--- Dataset excerpts ---

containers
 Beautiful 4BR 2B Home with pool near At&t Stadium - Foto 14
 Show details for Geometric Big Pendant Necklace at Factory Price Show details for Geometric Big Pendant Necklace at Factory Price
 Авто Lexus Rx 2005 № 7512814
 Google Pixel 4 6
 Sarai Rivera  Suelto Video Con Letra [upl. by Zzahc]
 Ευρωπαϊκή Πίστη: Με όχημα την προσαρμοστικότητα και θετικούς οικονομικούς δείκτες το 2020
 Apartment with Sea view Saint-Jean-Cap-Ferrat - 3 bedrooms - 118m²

---

Please output the complete set of records above without any alteration.

**Exercise answer**
containers
 Beautiful 4BR 2B Home with pool near At&t Stadium - Foto 14
 Show details for Geometric Big Pendant Necklace at Factory Price Show details for Geometric Big Pendant Necklace at Factory Price
 Авто Lexus Rx 2005 № 7512814
 Google Pixel 4 6
 Sarai Rivera  Suelto Video Con Letra [upl. by Zzahc]
 Ευρωπαϊκή Πίστη: Με όχημα την προσαρμοστικότητα και θετικούς οικονομικούς δείκτες το 2020
 Apartment with Sea view Saint-Jean-Cap-Ferrat - 3 bedrooms - 118m²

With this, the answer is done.